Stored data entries
- Opening Delimiter -

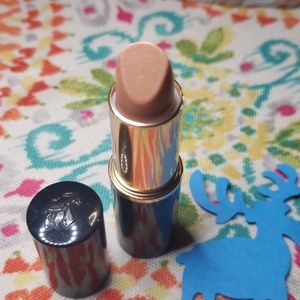 Lancome Makeup - Lancome Serenade Lipstick Lancome Makeup - Lancome Serenade Lipstick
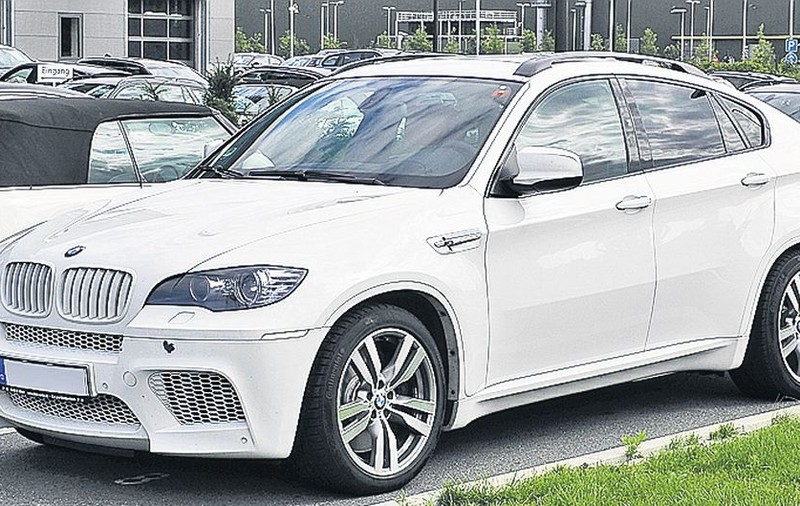 Şi dosar penal, şi fără bolid! A glumit cu un poliţist că-i dă şpagă un BMW X6 pentru că l-a prins fără permis şi beat la volan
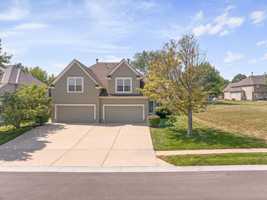 featured image of 13862 S Hagan St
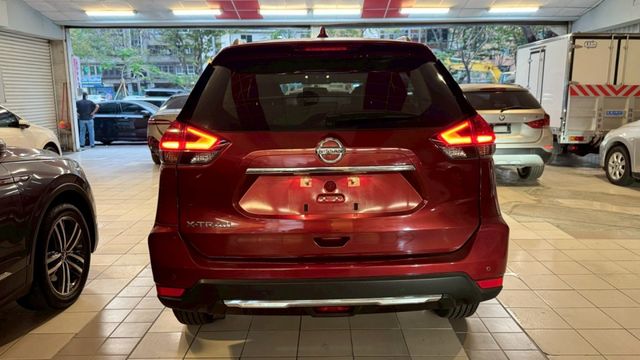 倒車顯影 後座出風口 恆溫空調 家用首選  第8張相片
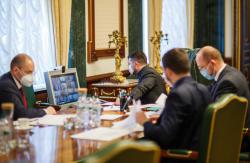 Президент Украины провел селекторное совещание по контролю ситуации с распространением коронавируса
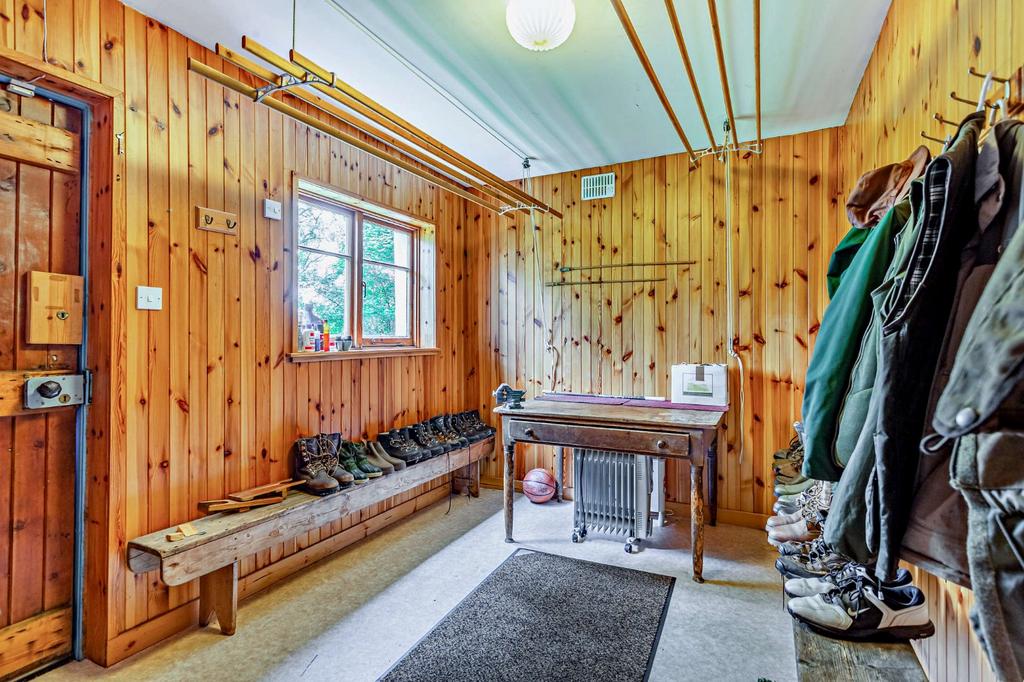 Glenbanchor Lodge
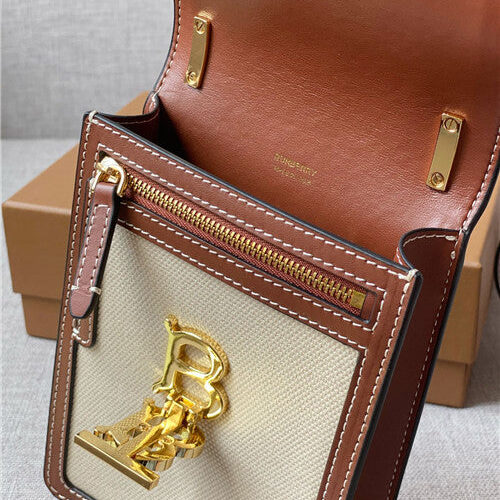 High Quality Luxury Burberry Robin Mini Bag – Style 42444 product detail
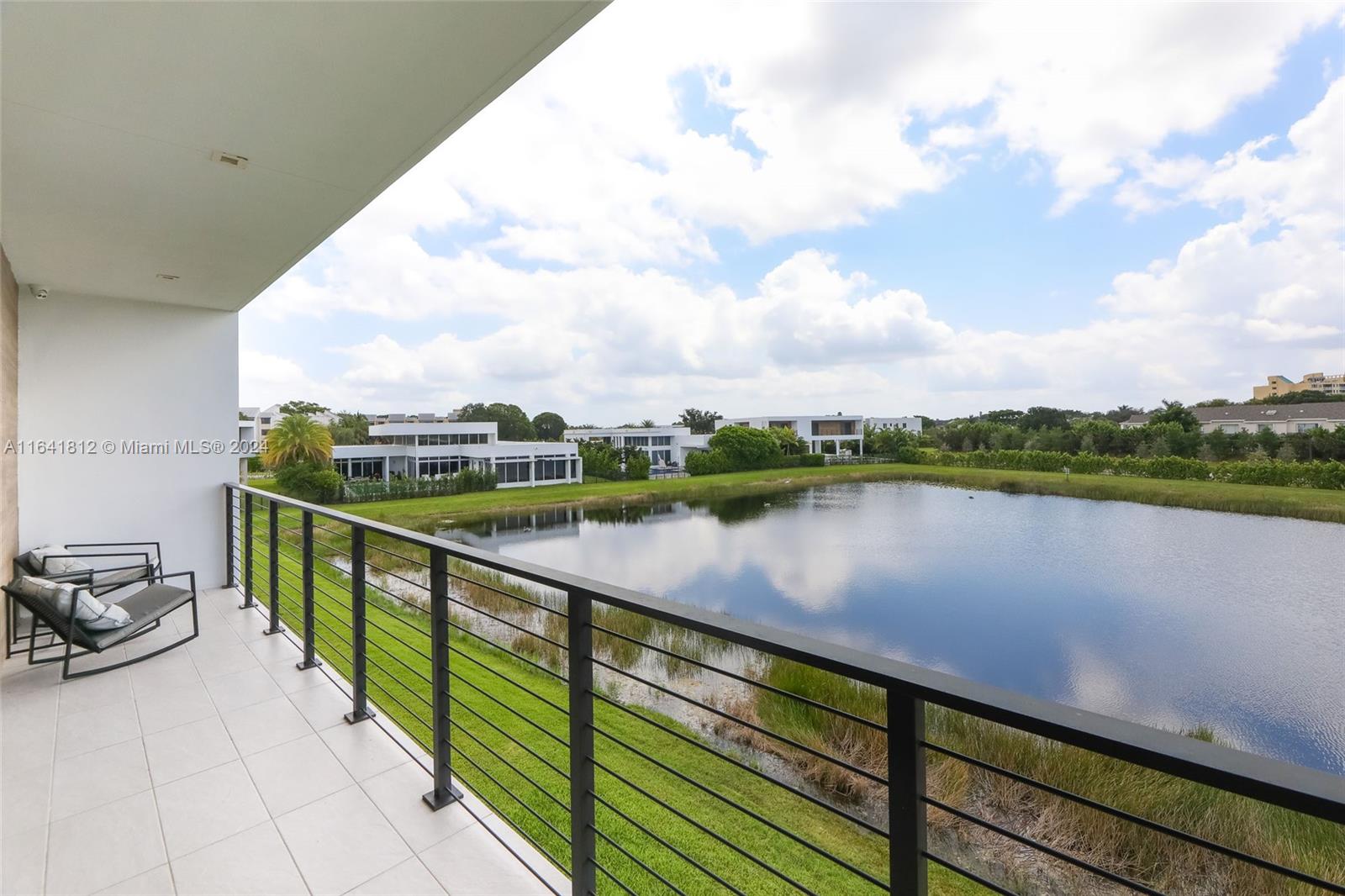 WESTON ESTATES - Residential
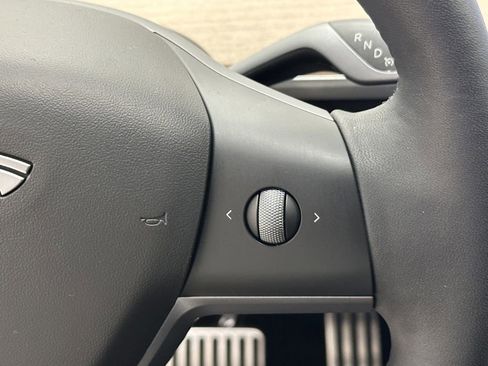 Used 2021 Tesla Model Y Long Range image 28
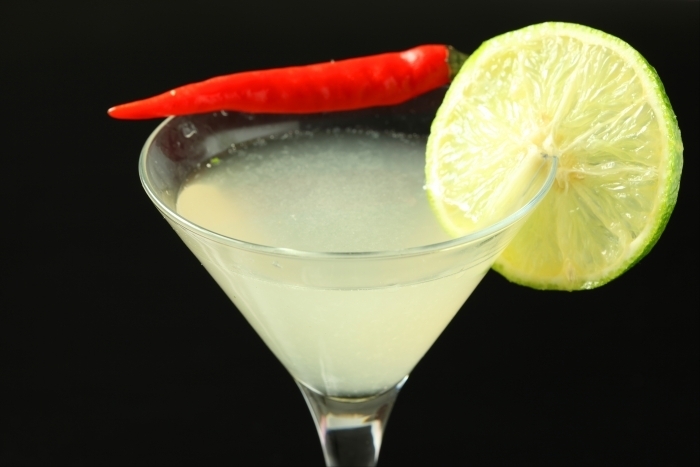 Recette de cocktail gin et citron vert au piment facile et rapide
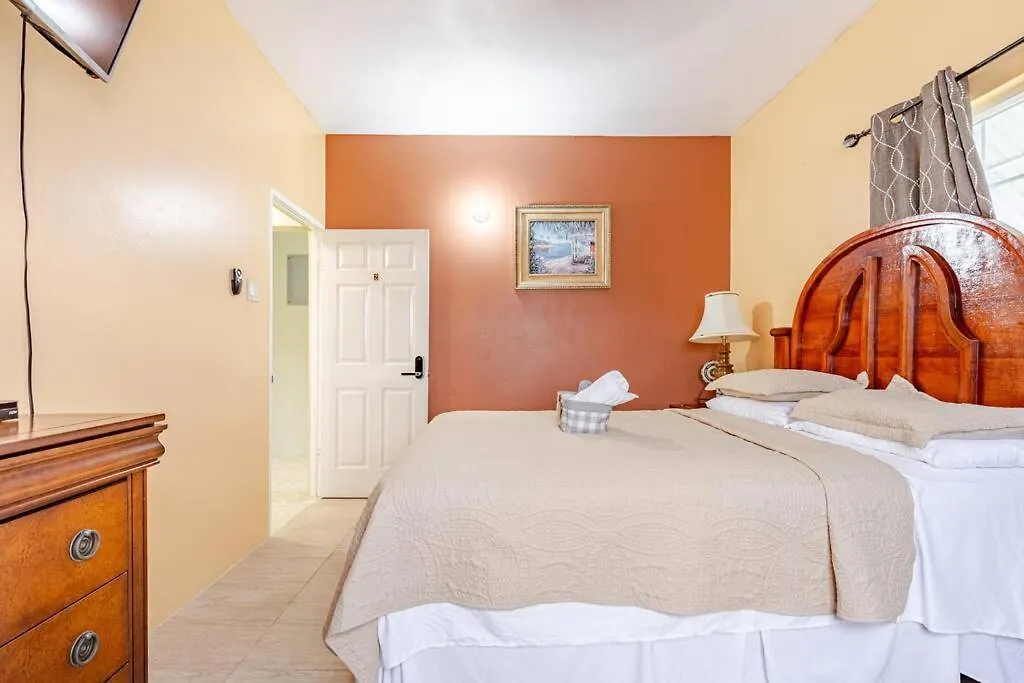 Dom wakacyjny Modern Montego Bay Home 3 Bedroom With 2 Half Bath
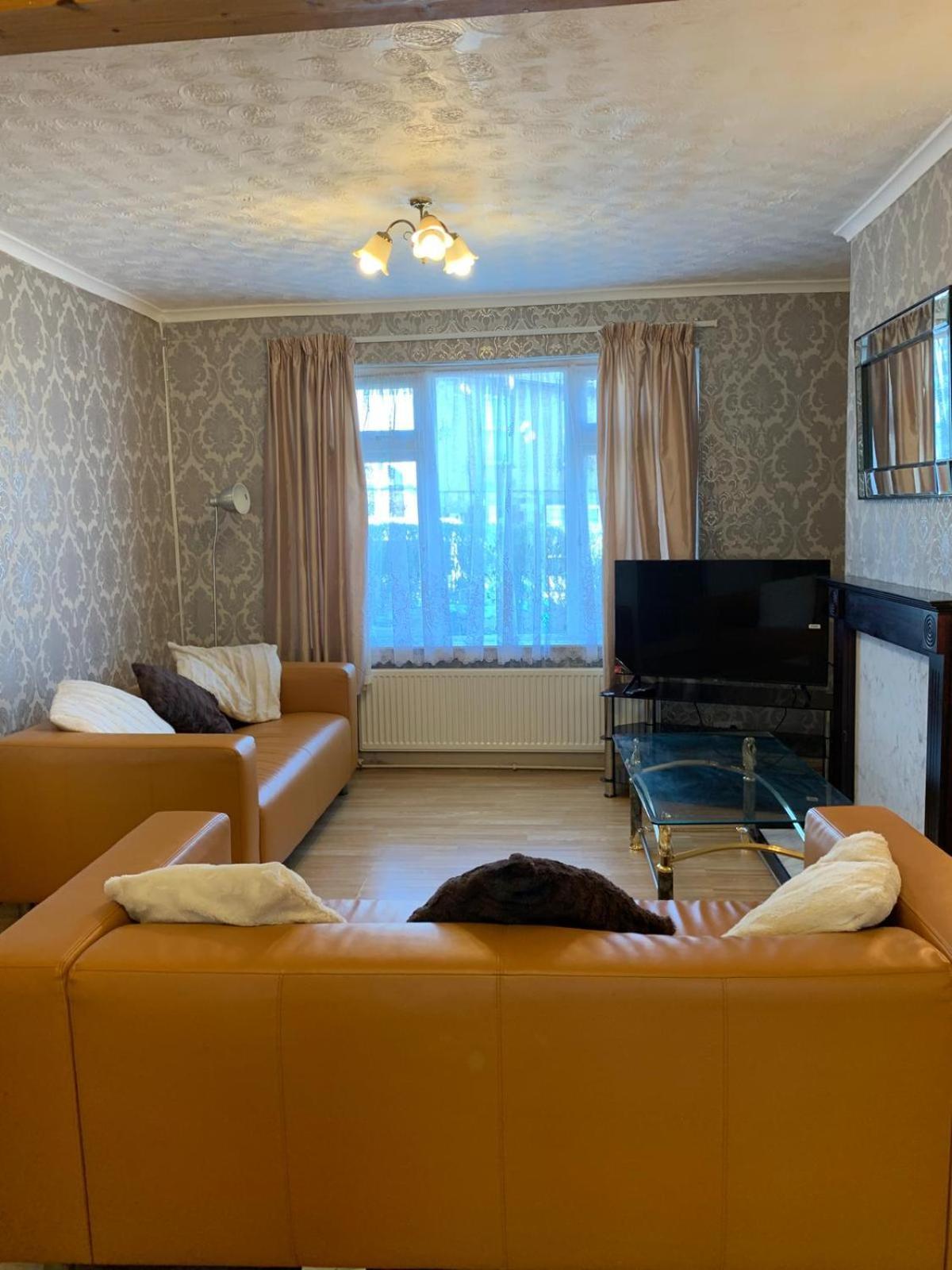 Room Only Guest Accommodation, Guest House Self Catering Bangor  Esterno foto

- Closing Delimiter -

→ Task goal
A faithful, word-for-word version of the records above is needed, with no images in it.

→ Result below
 Lancome Makeup - Lancome Serenade Lipstick Lancome Makeup - Lancome Serenade Lipstick
 Şi dosar penal, şi fără bolid! A glumit cu un poliţist că-i dă şpagă un BMW X6 pentru că l-a prins fără permis şi beat la volan
 featured image of 13862 S Hagan St
 倒車顯影 後座出風口 恆溫空調 家用首選  第8張相片
 Президент Украины провел селекторное совещание по контролю ситуации с распространением коронавируса
 Glenbanchor Lodge
 High Quality Luxury Burberry Robin Mini Bag – Style 42444 product detail
 WESTON ESTATES - Residential
 Used 2021 Tesla Model Y Long Range image 28
 Recette de cocktail gin et citron vert au piment facile et rapide
 Dom wakacyjny Modern Montego Bay Home 3 Bedroom With 2 Half Bath
 Room Only Guest Accommodation, Guest House Self Catering Bangor  Esterno foto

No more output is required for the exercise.